I made those changes as well. Still caching videos. :'(
-
I made those changes as well. Still caching videos.OK
Will test more.. -
Hi DvSerg,
We are running the havp + squid in transparent mode sucessfully. But, one strange thing happens, the first that we try to access an page that contains virus or other malware it be blocked. But, if you try a second access to this same page so we can it.
Why?
Have you any idea about?
-
In current configuration squid can load pages, bypass havp.
Wait next update with fix. -
Update:
- squid 'cache_peer' options, now squid can't bypass parent proxy;
- added stream scan option - possible disable streaming content 'audio/video';
- modified TMPRam disk, now RAM disk probably will be quckly;
- fix errors;
-
Hi Dvserg ! It's working like a charm ! :D
-
-
It's about everything ! Everything is running flawlessly, tnx ! ;D
-
Update:
- squid 'cache_peer' options, now squid can't bypass parent proxy;
- added stream scan option - possible disable streaming content 'audio/video';
- modified TMPRam disk, now RAM disk probably will be quckly;
- fix errors;
Youtube still caching even after the update and with the box unchecked…..
-
Worked for a few, but then the service stopped.

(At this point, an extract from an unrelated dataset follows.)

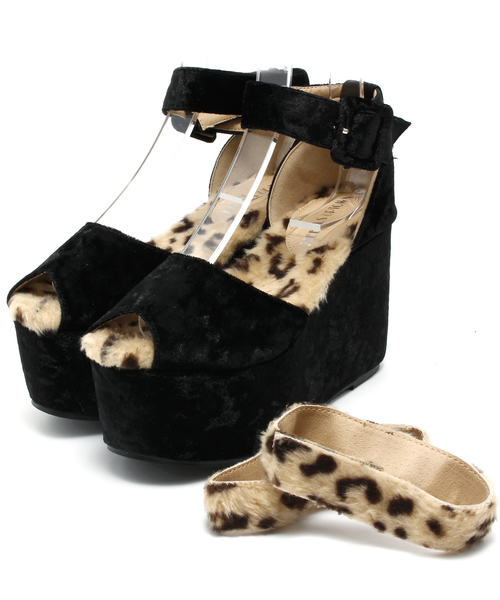 L.D.S.（エルディーエス）の「2wayウォームサンダル（サンダル・レディース・ブラック系/ピンク系/ブルー系・LARGE/MEDIUM）」の2枚目の写真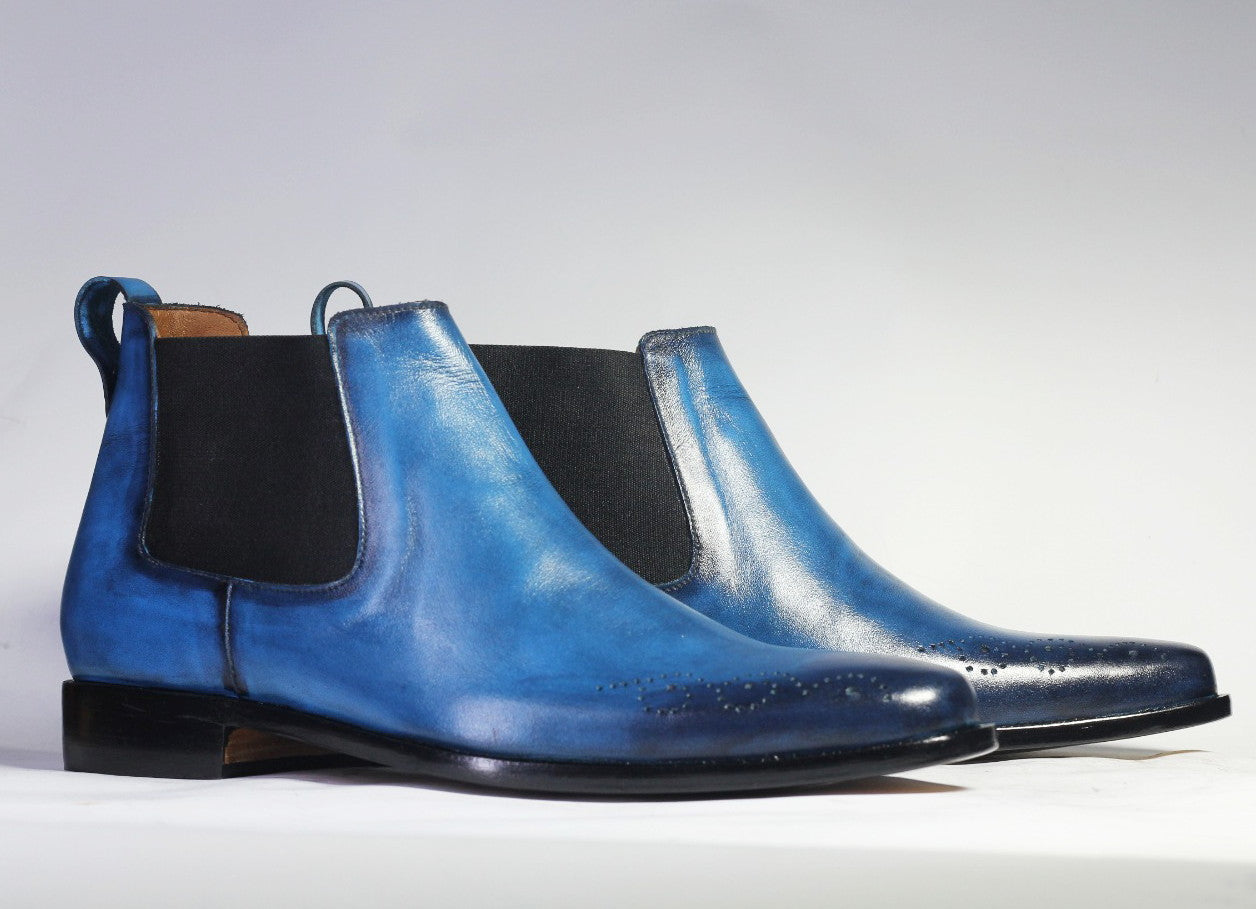 mens navy chelsea boots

Now the service wont start, can you think of why the service won't start .. or wher ei can look to see why its not?
-
Worked for a few, but then the service stopped.
Now the service wont start, can you think of why the service won't start .. or wher ei can look to see why its not?
Enable SysLog and look any errors 'havp' or 'CLAMD' exists?